Antimicrobial Modes of Action

Antimicrobial drugs take advantage of inherent biological differences between animals and the microbial pathogens that infect them. Each group of antibiotic drugs has a specific target in bacterial cells. When disruption of the bacterial target causes microbial replication to fail inhibiting the growth of bacteria, the antimicrobial drug is bacteriostatic. When the antimicrobial drug results in cell death it is bactericidal. The integrity or synthesis of cell walls, cell membrane stability, and protein or nucleic acid synthesis are common targets for disruption with antimicrobials.

While they differ from each other, bacterial and fungal cells both have cell walls, while animal cells do not. Therefore, much antimicrobial activity targets cell wall biochemistry. There is an interwoven layer of a polymer of sugars and amino acids called peptidoglycan in bacterial cell walls. Some of the first widely used antibiotics disrupt the synthesis of peptidoglycan by interrupting the enzyme responsible for linking the subunits of the polymers.

Penicillin, referring to a group of broad-spectrum antibiotics that inhibit bacterial cell wall synthesis, and its derivatives are members of this group of antibiotics and are still used today. The cell wall is susceptible to other antibiotic modes of action. For example, vancomycin causes cell wall fragility by inhibiting cross-linkage of peptidoglycan. Antimicrobials that disrupt the cell membrane are less common because their lack of specificity causes serious complications in humans and other animals. The antibiotic polymyxin has detergent-like properties that disrupt the membranes of gram-negative bacteria. Despite toxicity when taken internally, polymyxin antibiotics are effective at preventing infections when used as a topical ointment applied to skin wounds.

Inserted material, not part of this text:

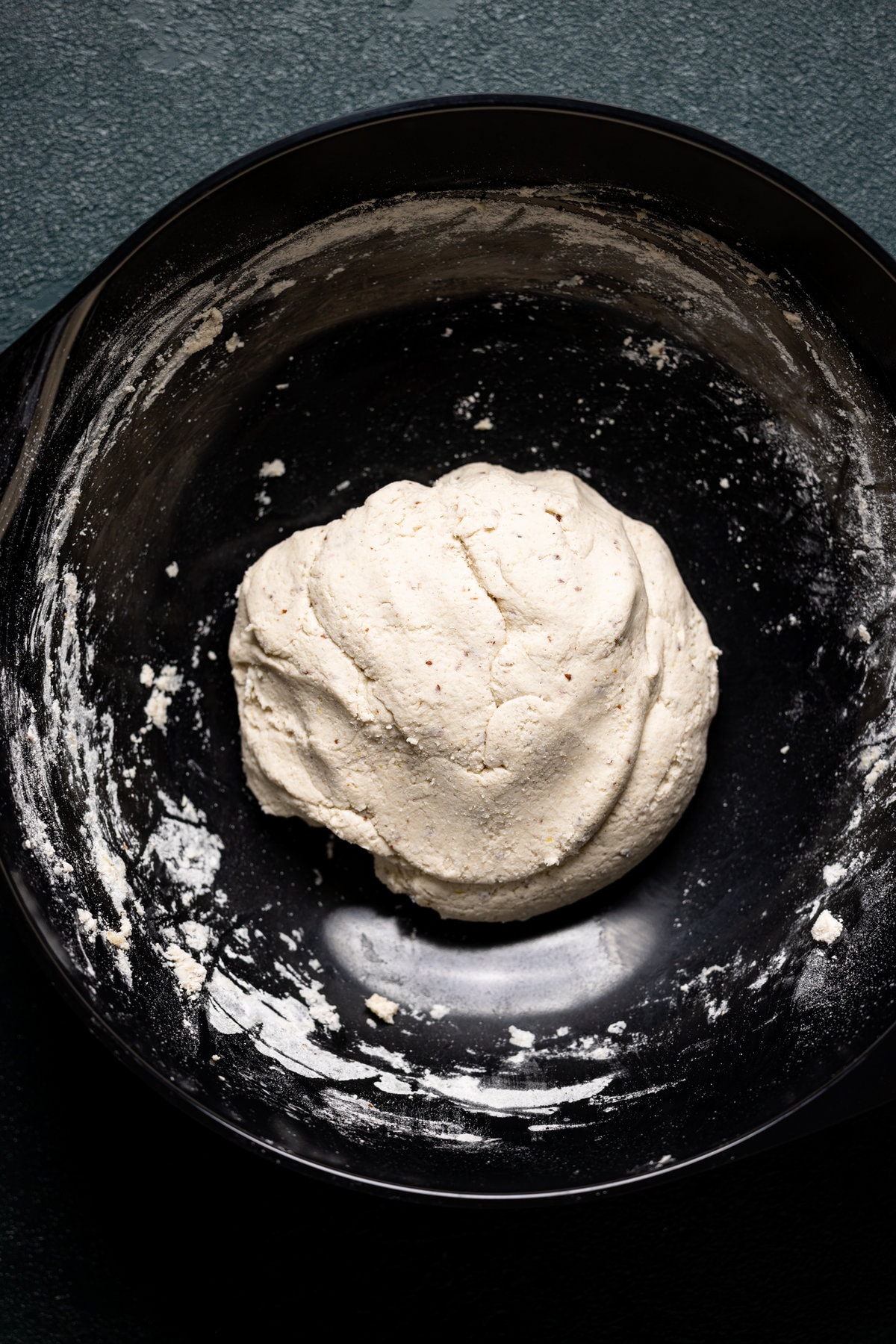 Gluten-Free Hot Honey Bacon Pizza dough in a black bowl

Antimicrobials that target protein synthesis or nucleic acid synthesis are also effective. Prokaryotic protein-synthesizing ribosomes are constructed with different subunits than in eukaryotes, providing targets with reduced human toxicity. Erythromycin is a very common antibiotic used to treat a wide range of infections. It binds to a bacterial ribosomal subunit, where it disrupts the formation of peptide bonds between amino acids, thus inhibiting protein synthesis. Two other common antibiotics, tetracycline and aminoglycoside, interrupt protein synthesis by binding to a different ribosomal subunit. Aminoglycoside disrupts bacterial protein synthesis and is used to treat aerobic gram-negative infections. Tetracycline inhibits bacterial protein synthesis and is prescribed for a wide range of infections. Tetracycline blocks amino acids from associating with the ribosome, while aminoglycosides disrupt the ribosome from reading the RNA template correctly, causing amino acid substitutions. Both result in nonfunctional protein synthesis.

Since all life on Earth uses the same DNA, blocking nucleic acid synthesis works indirectly by disrupting enzymes involved in managing the arrangement of DNA in bacterial cells. Bacteria have a class of enzymes used to uncoil their single chromosome during DNA replication and during transcription to RNA. Antibiotics such as quinolones inhibit these enzymes and thus inhibit both DNA replication and protein synthesis.
Several antibiotics function as antimetabolites. An antimetabolite is a chemical that impedes the use of the appropriate metabolite in a biochemical pathway. By disrupting the pathway, these antibiotics inhibit production of its products. The targeted pathways may disrupt cell wall, protein, or nucleic acid synthesis. Sulfonamide antibiotics, for example, have a similar chemical structure to a precursor of the coenzyme folic acid and therefore disrupt bacterial synthesis of folic acid. Folic acid, in turn, is critical to the replication of DNA. By inhibiting the synthesis of folic acid, sulfonamides inhibit DNA and bacterial replication.